A typical reconstruction pipeline in elsa looks like follows. We would have a volume descriptor for some given 2d or 3d volume defining the are to be reconstructed as well as a detector descriptor that describes the trajectory of our measurement positions. Finally we also have a sinogram that contains the actual measurement data.
VolumeDescriptor volumeDescriptor;
DataContainer sinogram;
PlanarDetectorDescriptor sinoDescriptor;
SiddonsMethod projector(volumeDescriptor, sinoDescriptor);
To compute a reconstruction we would construct an optimisation problem, typically
a weighted least squares problem WLSProblem which we would then solve using an iterative
optimisation method (e.g. Gradient Descent) to get the actual reconstructed image.

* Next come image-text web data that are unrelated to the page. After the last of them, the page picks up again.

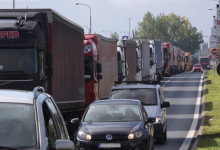 Tovornjakarji balkanskih držav zunaj EU-ja napovedali zaporo terminalov na mejah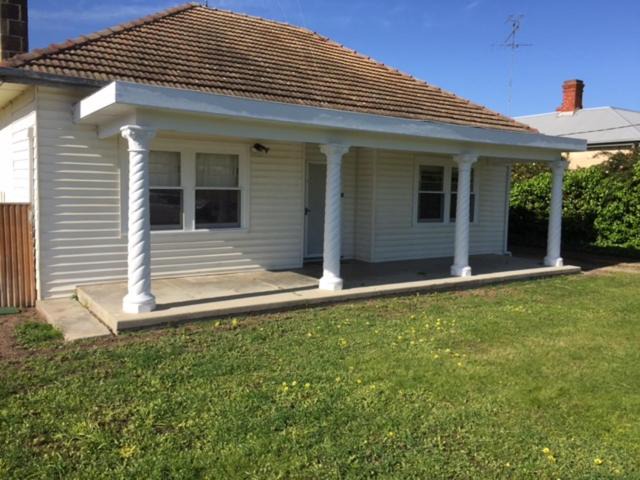 Smith Street Cottage Naracoorte | Naracoorte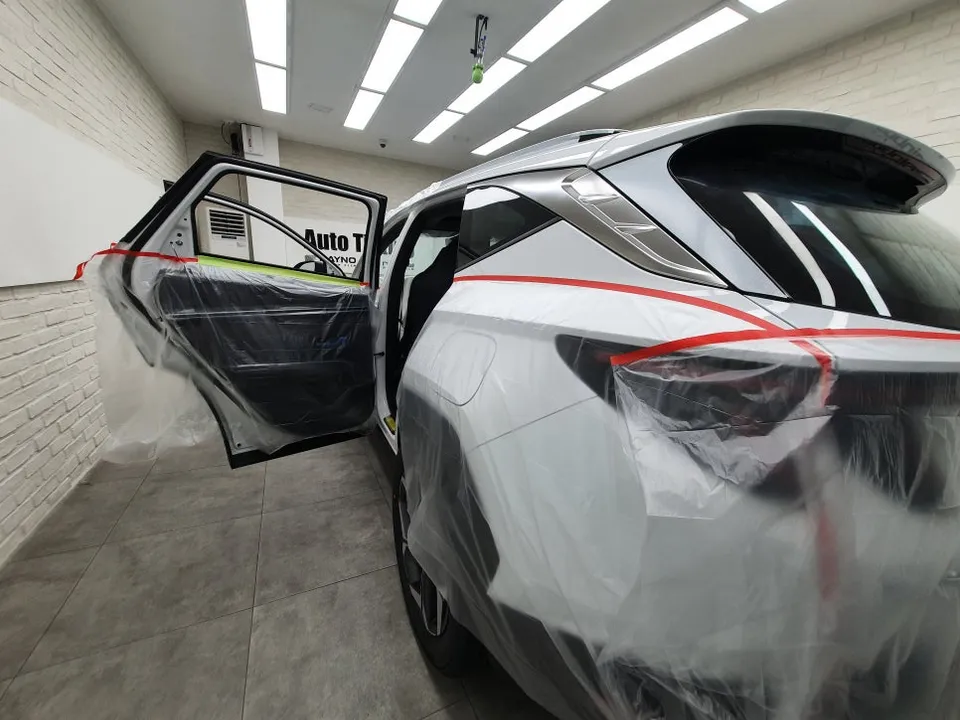 Lexus NXのカーフィルム施工事例|断熱・スモーク効果 施工写真 3-2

WLSProblem wlsProblem(projector, sinogram);
GradientDescent solver(problem);
auto reconstruction = solver.solve(20);
Since there are multiple options for optimisation methods available in elsa choosing the right solver for the task is quite important.
Solver Options¶
The following table should be regarded as an overview over what solvers exists in elsa and what their rough properties are. The stated convergence speeds should be taken with a grain of salt as they are evaluated on general problems (see the later sections) and can differ when specific solvers are applied to more specialized problems.
Solver |
Requirements on the problem |
Convergence |
|---|---|---|
Gradient Descent (GD) |
None |
Slow |
Nesterov’s Fast Gradient Method (FGM) |
None |
Medium |
Optimized Gradient Method (OGM) |
None |
Medium |
Separable Quadratic Surrogate Ordered Subsets (SQS OS) |
None |
Fast |
Conjugate Gradient Descent (CGLS) |
Problem must be convertible to a quadric problem |
Fast |
Proximal Gradient Descent (PGD) |
Requires a regularization term |
Medium |
Accelerated Proximal Gradient Descent (APGD) |
Requires a regularization term |
Medium |
Alternating Direction Method of Multipliers (ADMM) |
<WIP> |
<WIP> |
For a more detailed description on the internals of each solvers also see the API documentation. To learn more about how to use ordered subsets and specifically SQS OS read the Ordered Subsets Introduction.
Solver Convergence¶
This section will take a closer look at the convergence speed of the different solvers for a simple phantom reconstruction problem. The ADMM solver will be excluded here as it requires some special tweaking and cannot be compared to the other solvers as easily.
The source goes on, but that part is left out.